Selon l’institut allemand Kiel, ces droits supplémentaires pourraient réduire de 42% les importations de véhicules électriques en provenance de Chine, une baisse « largement compensée par l’augmentation des ventes des producteurs européens et des importations en provenance de pays tiers ».
Mais à long terme, cela ne rendrait pas nécessairement le prix des voitures électriques plus abordable en Europe, prévient-il.
La réticence allemande
Alors que la France et l’Espagne ont activement fait pression pour des mesures proportionnées, l’Allemagne, très impliquée en Chine, s’est battue avec la Suède et la Hongrie pour éviter les sanctions, craignant des représailles de Pékin.
Les constructeurs automobiles allemands Audi, BMW, Mercedes et Volkswagen réalisent près de 40% de leurs ventes mondiales en Chine. « Les effets négatifs de cette décision dépassent les bénéfices potentiels », a déclaré jeudi Volkswagen.

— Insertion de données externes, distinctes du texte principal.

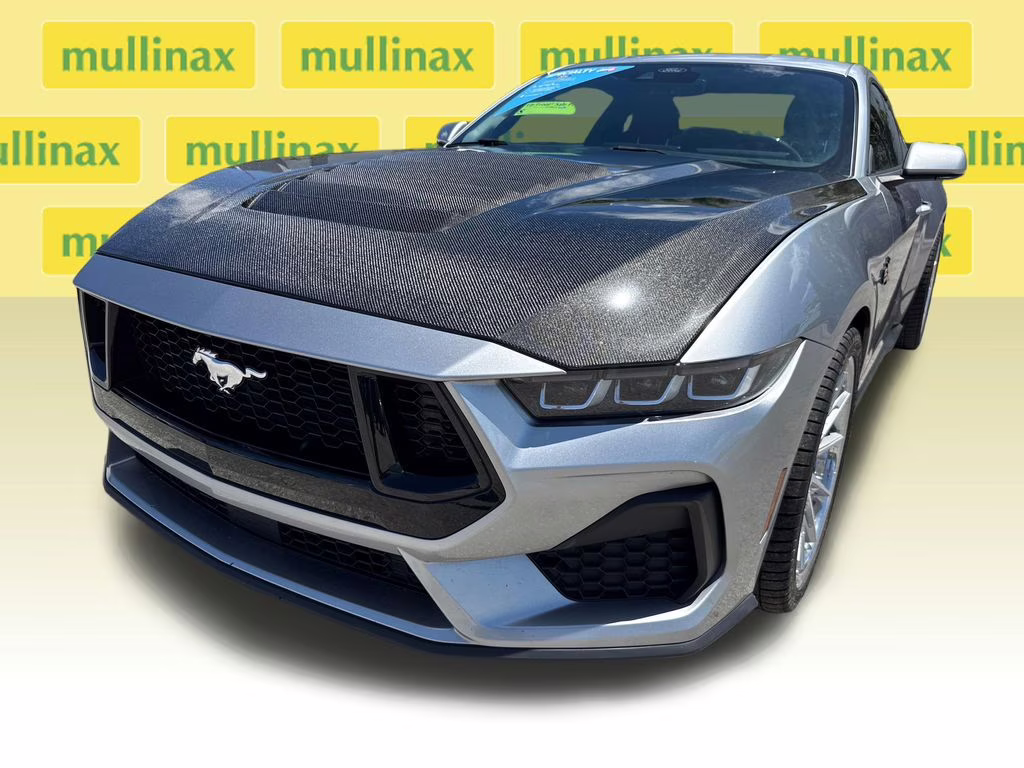 2024 Iconic Silver Metallic Ford Mustang GT RWD Coupe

Pékin a menacé l’UE de mesures de rétorsion : la Chine a déjà annoncé mi-juin une enquête antidumping sur les importations de porc européen, après une enquête lancée en janvier sur les spiritueux de vin de l’UE (dont le cognac). Vins, produits laitiers et voitures de grande puissance sont également dans son viseur, selon la presse chinoise.
Cette nouvelle guerre des mots s’inscrit dans le cadre des tensions commerciales croissantes entre l’Occident et la Chine, accusée également de détruire la concurrence dans d’autres secteurs : éoliennes, panneaux solaires, batteries, etc.
Avec l’intention de freiner les importations de véhicules électriques chinois sans les bloquer complètement, l’UE assure néanmoins respecter les règles de l’Organisation mondiale du commerce (OMC).
Elle espère ainsi protéger un secteur qui emploie 14,6 millions de travailleurs dans l’UE tout en évitant un conflit meurtrier avec son deuxième partenaire économique après les États-Unis.